I didn't know you had to open a new terminal window - that's all I needed to do (/bin was already in my path).

But thanks muchly for the PATH tips - I'd always wondered how it worked.

E


----------



## wyvern (Sep 22, 2001)

I knew i'd seen that syntax somehwere... i checked the xfree86 instructions and ta da, there it was (telling how to put /usr/bin/X11R6/ in your path). I suppose i could have just checked one of my unix books, but I'd have had to turn my swivel chair, and that meant moving.


----------



## Red Phoenix (Sep 22, 2001)

You don't necessarily need to open a new Terminal window to get the new command. Just type

*rehash*

and you should be fine (for future reference).


----------



## wyvern (Sep 22, 2001)

But for some reason (I do not know why) that does not *always* work. So to avoid confusion it's better to just open a new term window (I mean come  on how easy is it to open a new window


----------



## Red Phoenix (Sep 22, 2001)

Really? It always works for me. I don't have a problem with opening a new window, of course. I sometimes don't feel like cd'ing back to where I was, though.


----------



## wyvern (Sep 22, 2001)

who knows. when I was trying to do that, my system was pretty FUBAR after a few failed installs of Xwin. also you can cut'n'paste your path


----------



## vic (Sep 23, 2001)

i changed the dock image, and added a few newer pics, with cd burning and login.


----------



## bobburton (Sep 24, 2001)

Hey guys,

Where can I get 10.1... I just can't wait anymore!!!
I could FTP it, I'm on a fast connection.

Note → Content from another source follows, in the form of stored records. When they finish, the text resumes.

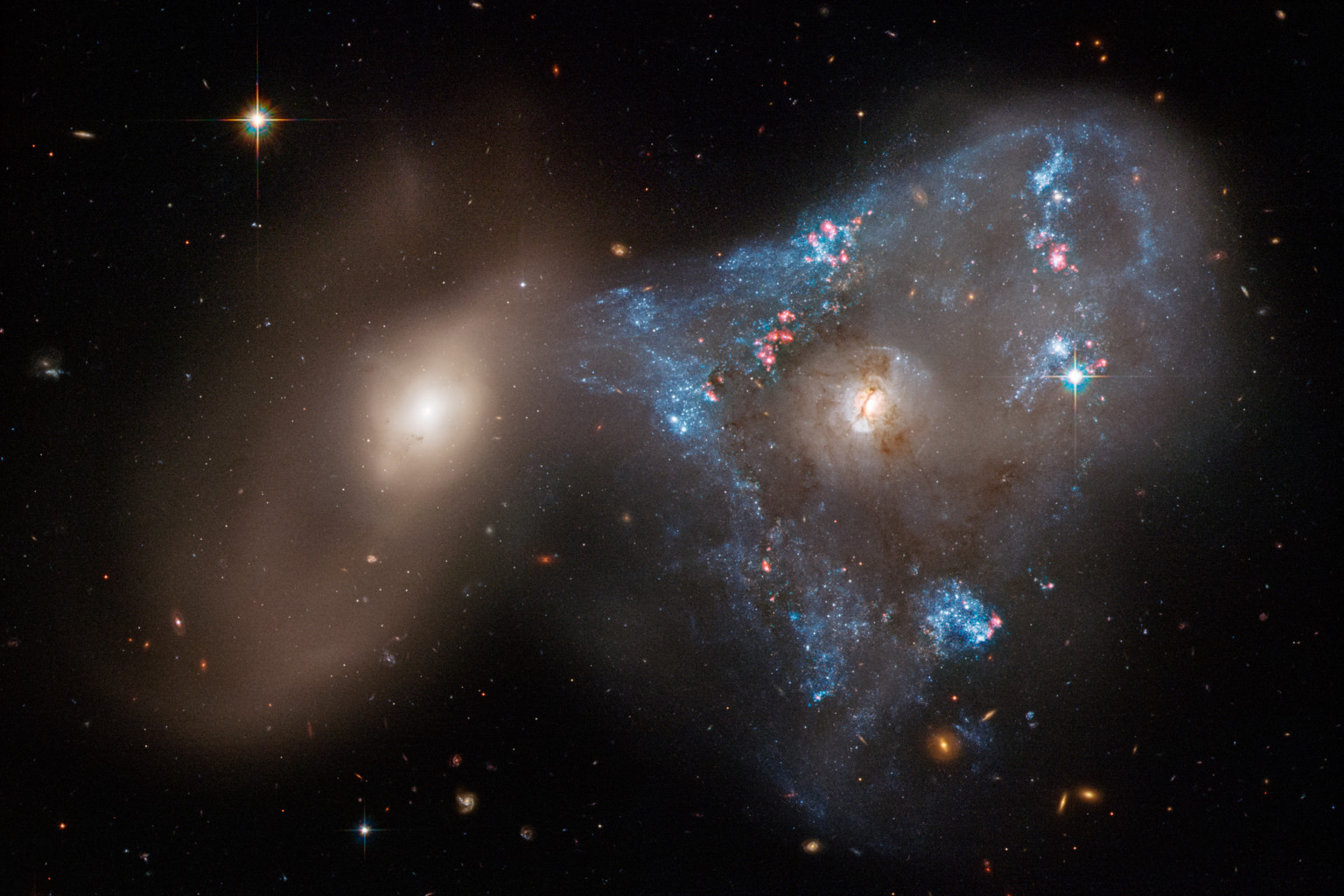 Hubble Captures 'Space Triangle' Created By Colliding Galaxies | PetaPixel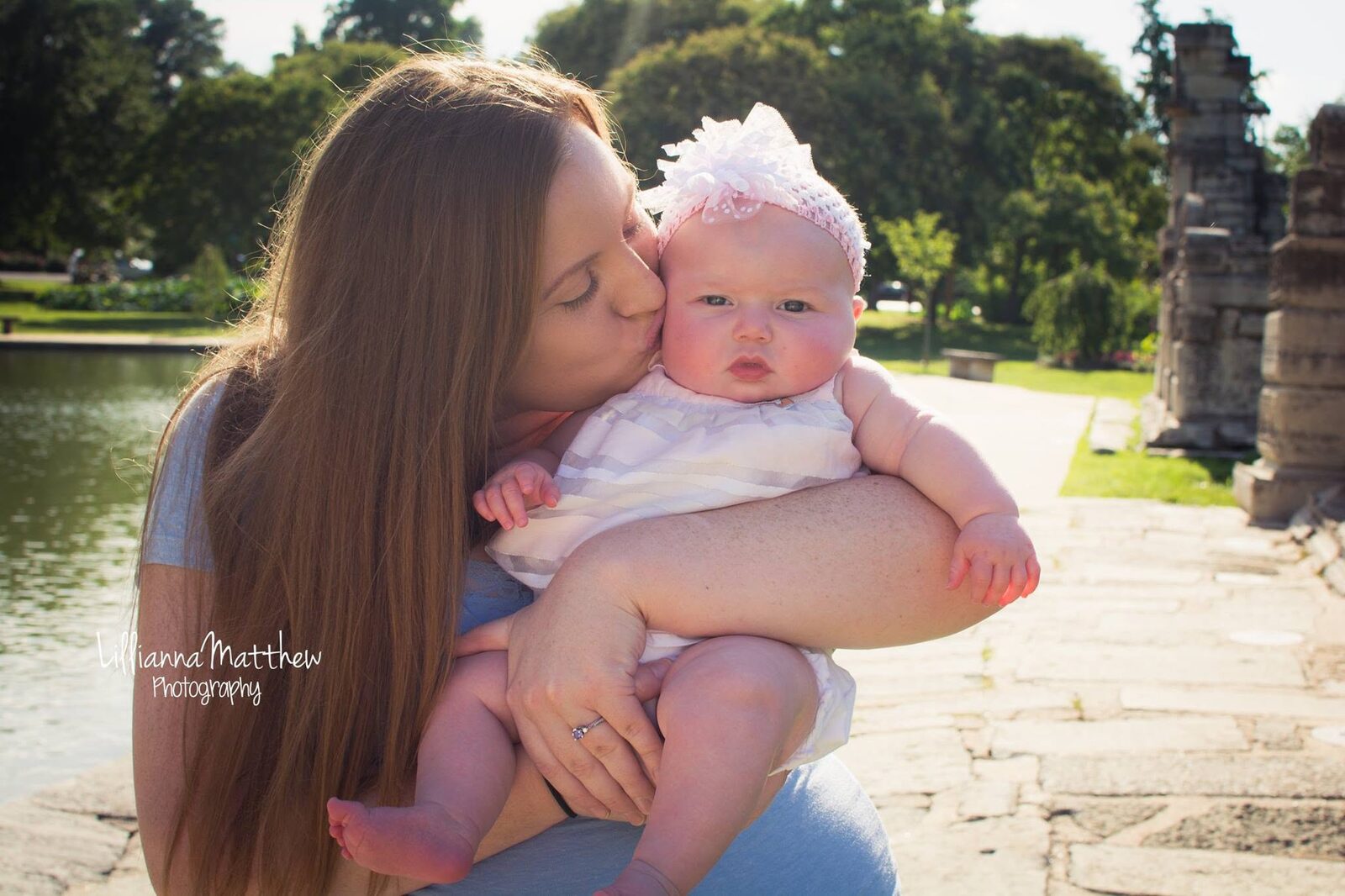Mother tenderly kissing her baby's head beside a park pond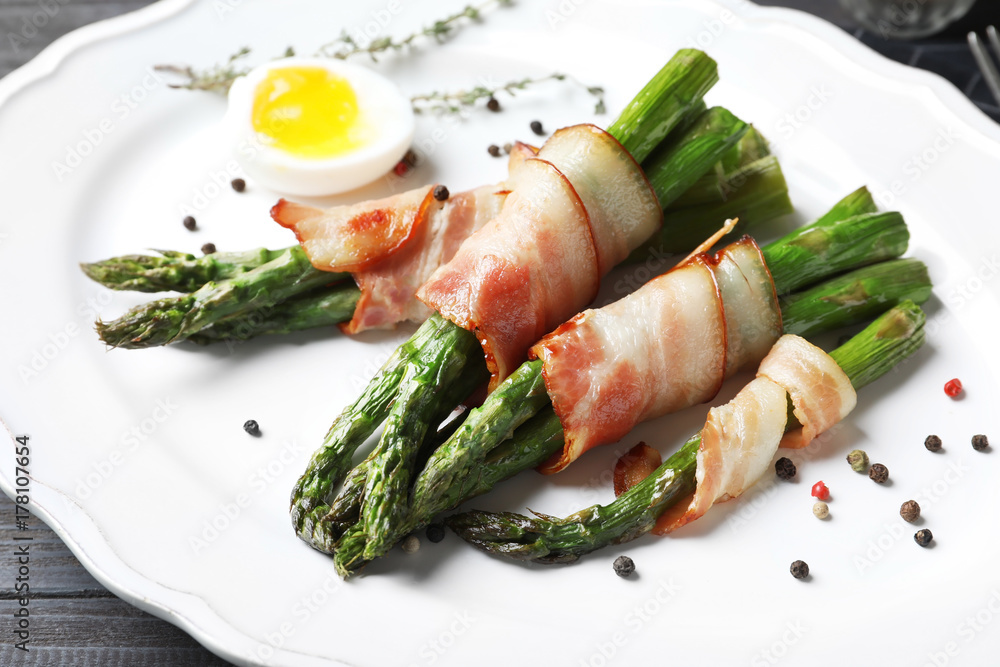 Plate with bacon wrapped asparagus, closeup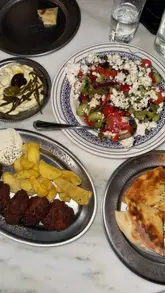 A review of Taverna Ermou in London, showcasing various Greek dishes including dips, skewers, salads, and desserts. The video highlights the authentic atmosphere and specific menu recommendations.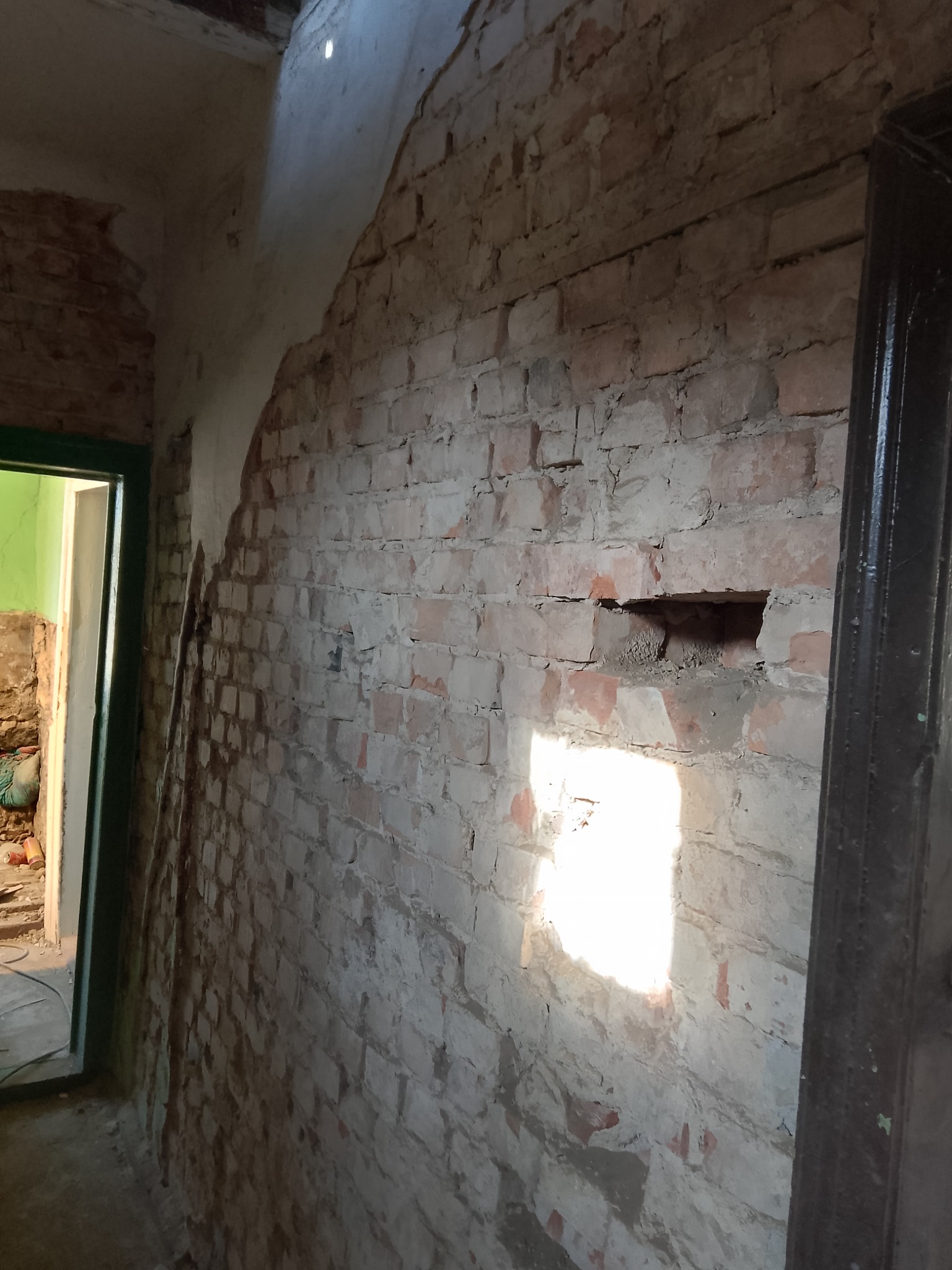 Fragment ściany z czerwonej cegły z otworem, z widocznym światłem słonecznym wpadającym do wnętrza, obok ciemna framuga drzwi.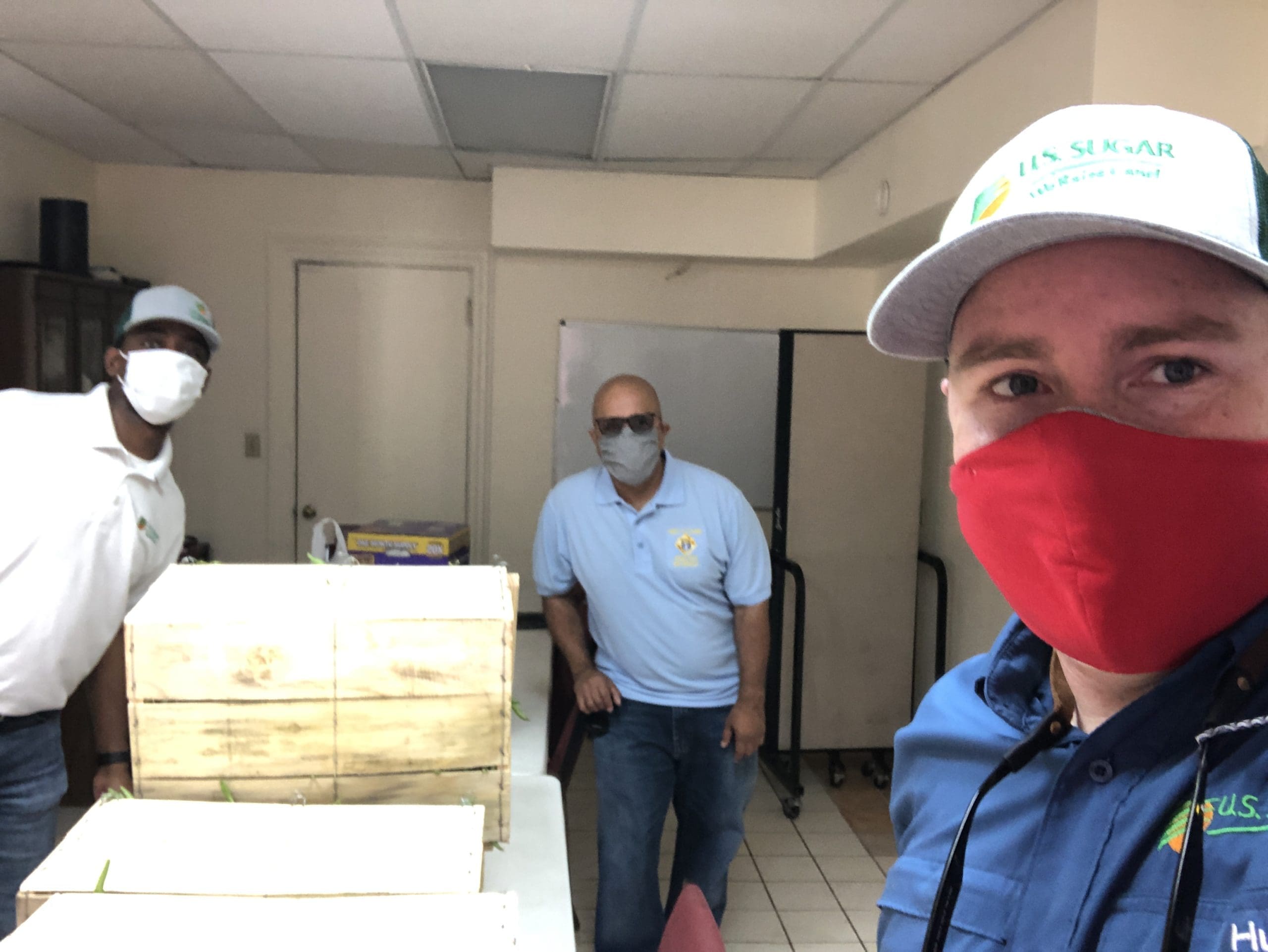 men posing with packed box 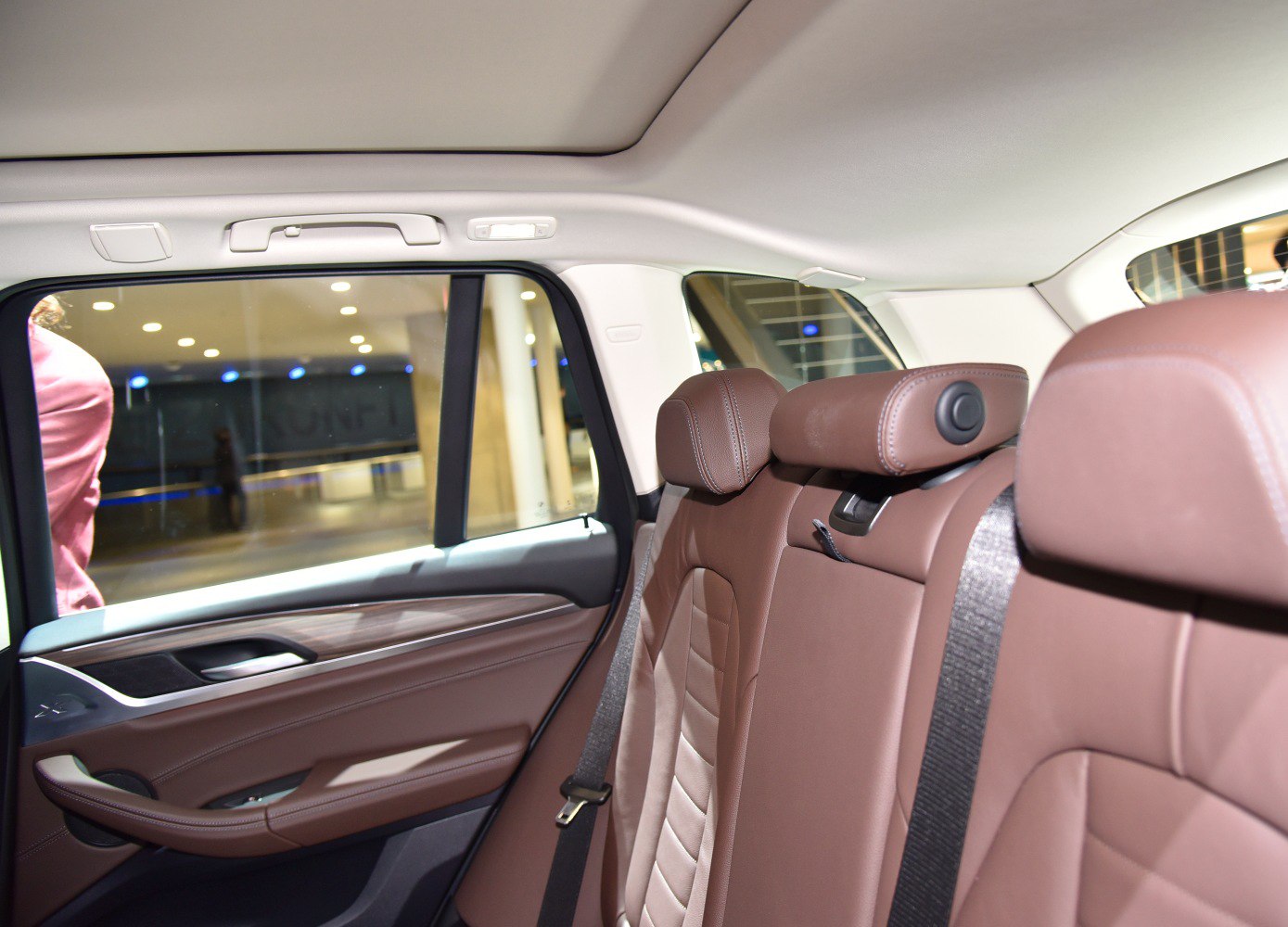 Brown leather rear seats and door panel with seat belt
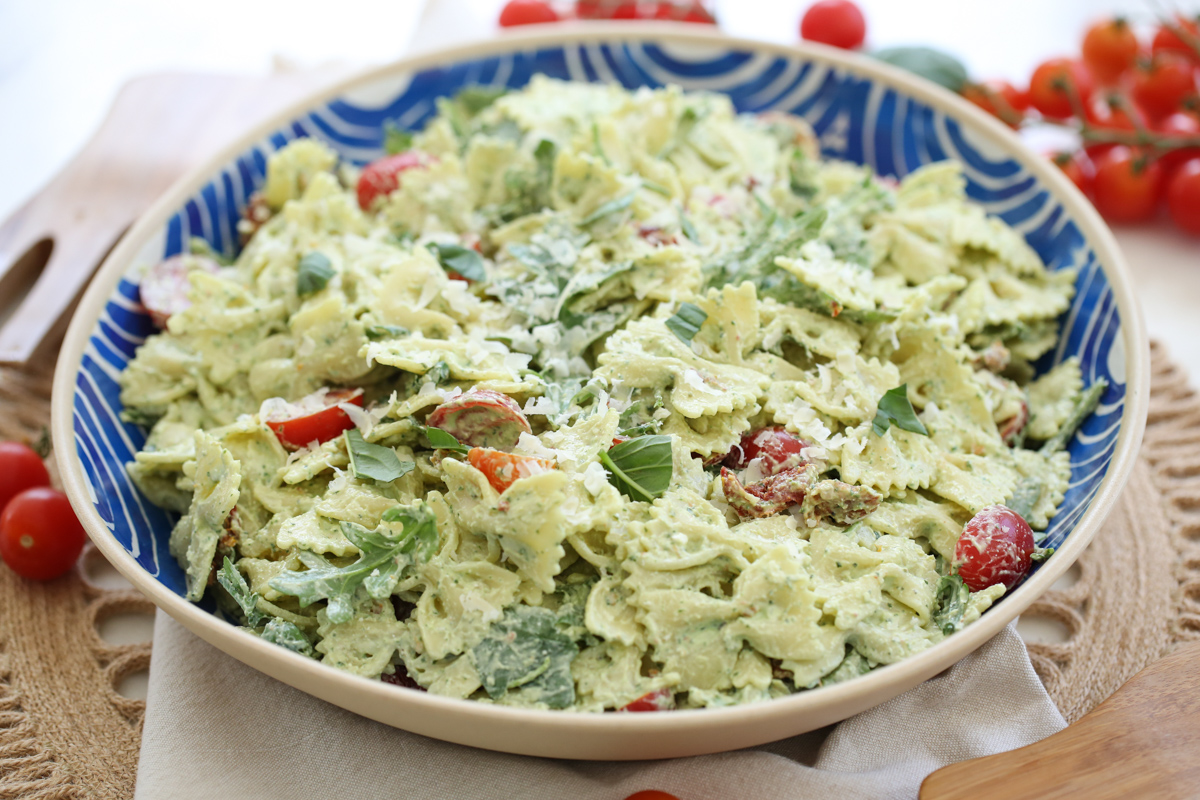 creamy pesto basil pasta in a blue and white serving bowl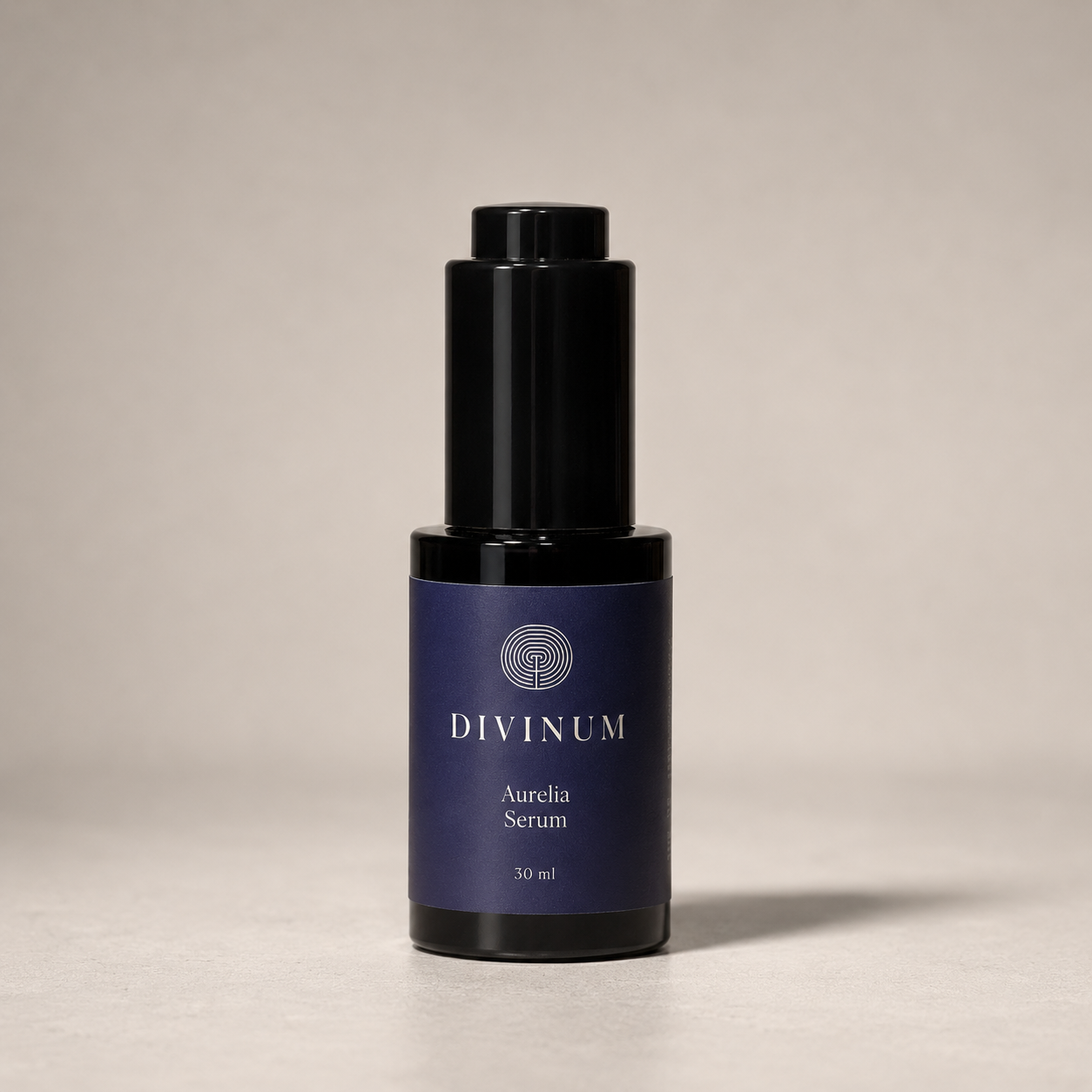 A 30 ml bottle of Divinum Aurelia Serum, featuring a dark purple label and a black dropper cap, set against a neutral light gray background.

That would be sooooo nice!

;-)


----------



## macavenger (Sep 24, 2001)

> _Originally posted by bobburton _
> *Hey guys,
> 
> Where can I get 10.1... I just can't wait anymore!!!
> ...



I have 5G64 on my FTP server now.

137.229.46.229
Login/Pass music/download
Enjoy! Let me know if the download or something doesn't work.

I finally managed to get it installed today. The  only problems I have had with it so far is whenever I try to open an installer (such as the Kensington MouseWorks installer or the Pitbull Pro update) the installer quits unexpectedly, and print center quits unexpectedly when I try to add a printer. Granted, the printer I have is unsupported, but still... Anyone know how to get the AirPort thing out of the menu bar when I don't need it?


----------



## brodie (Sep 24, 2001)

not a totally bad review, but some faults i have found in the 5g64 build. 

the new speedy columns view is fast and great, but if 'spread ' to two columns only, the icon shortcuts above the columns dont always work. you have to get your re-sizing just right. 

you also have to click on the file/folder and not next to it (like you could in 10.0.4) to move it. 

Explorer is a lot faster but has quit on me 4 times so far, just trying to search on a website. 

the apple+? shortcut to the help menu still doesn't work. 

changing to network time tab in the date&time tab stall for a long time-30+secs.

the trash still appears empty on login and requires a click to show as full.

Now, before i get flamed, i know some of these seem trivial, but this is only after spending half a day with the new X, and some are very important. it feels like i've got a really fast new car, only the steeriings got a lot of give. 

There are a lot of good things about the new build, said to be the final, but there are still problems, some new. 
I hope that this isn't the final build, as a lot of these problems really should have been sorted by now.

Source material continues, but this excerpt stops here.